K-Cup recycling too popular for Wheaton's to handle
Company had 11 tonnes of disposable coffee cups turned in since September
An initiative to recycle K-Cups — the single serve disposable coffee cups — has had to be scaled back because its proven too popular.
The furniture and decor company Wheaton's originally announced in September that its stores in Nova Scotia and New Brunswick would take K-Cups and deliver them to the Dartmouth Adult Services Centre (DASC), where workers with intellectual disabilities were hired to break them down for recycling.
Less than halfway into the pilot, the 11 tonnes of K-Cups the company had collected proved too much.
Volume too high
"There was no way we could handle such a volume," said DASC executive director Cathy Deagle-Gammon. "It was just so much."

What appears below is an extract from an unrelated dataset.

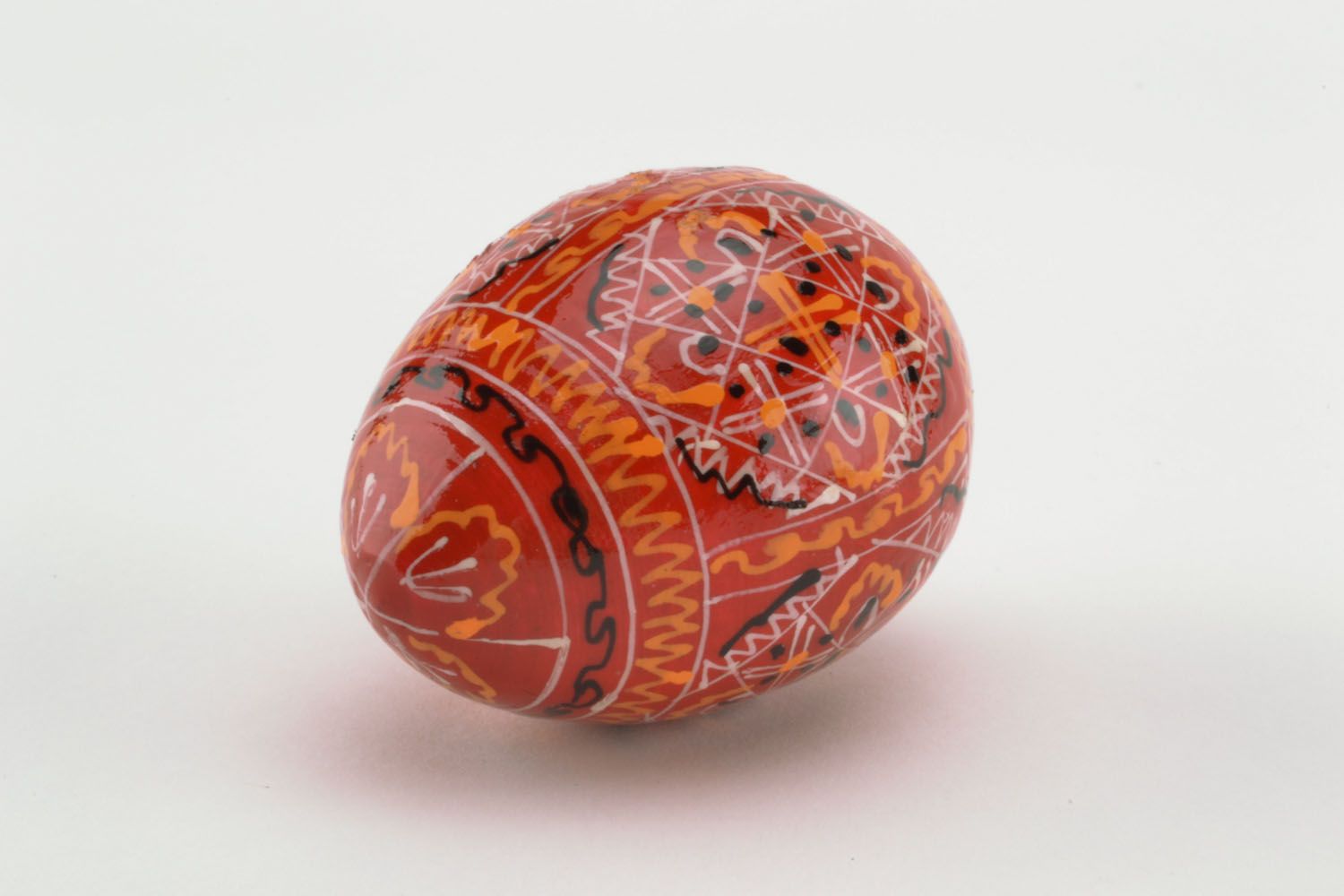 Wooden egg in red colors photo 3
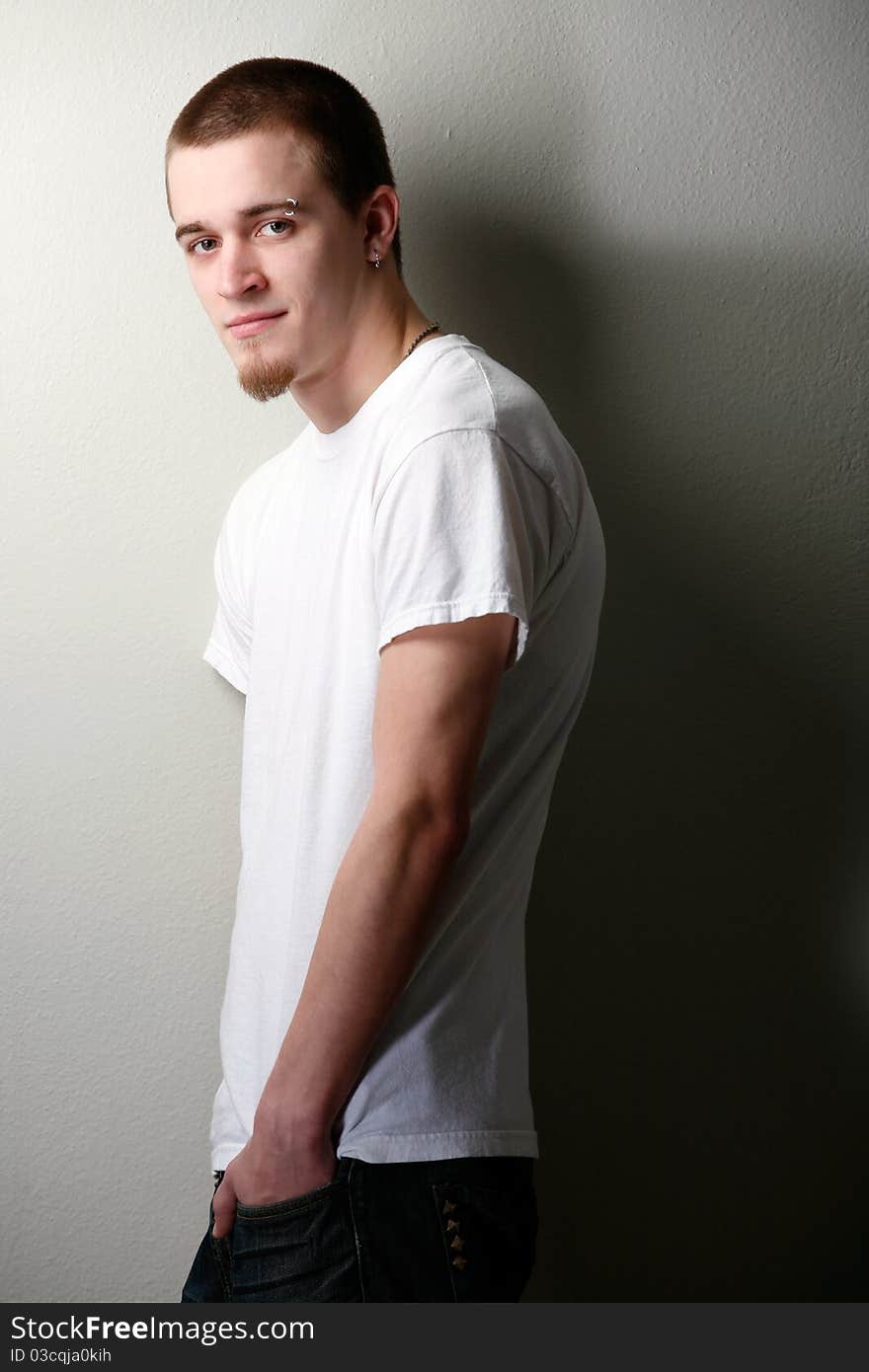 Young man poses wearing t-shirt and jeans. Young man poses wearing t-shirt and jeans.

"When we first started this we were so worried. It was so dependent on customers returning their K-Cups and we were wondering will they or won't they," said Deagle-Gammon. "And wow, people just turned out in spades, which was lovely."
"We had responses from odd places," said Bradford. "We had a call come from the state government of Nevada wanting to send us their K-Cups to be recycled. They were willing to pay to have them shipped up."
Wheaton's says their stores will only accept the cups that have been purchased at their stores for now, and the partnership with DASC is on hold until the companies can work out a better way to recycle all those cups in the new year.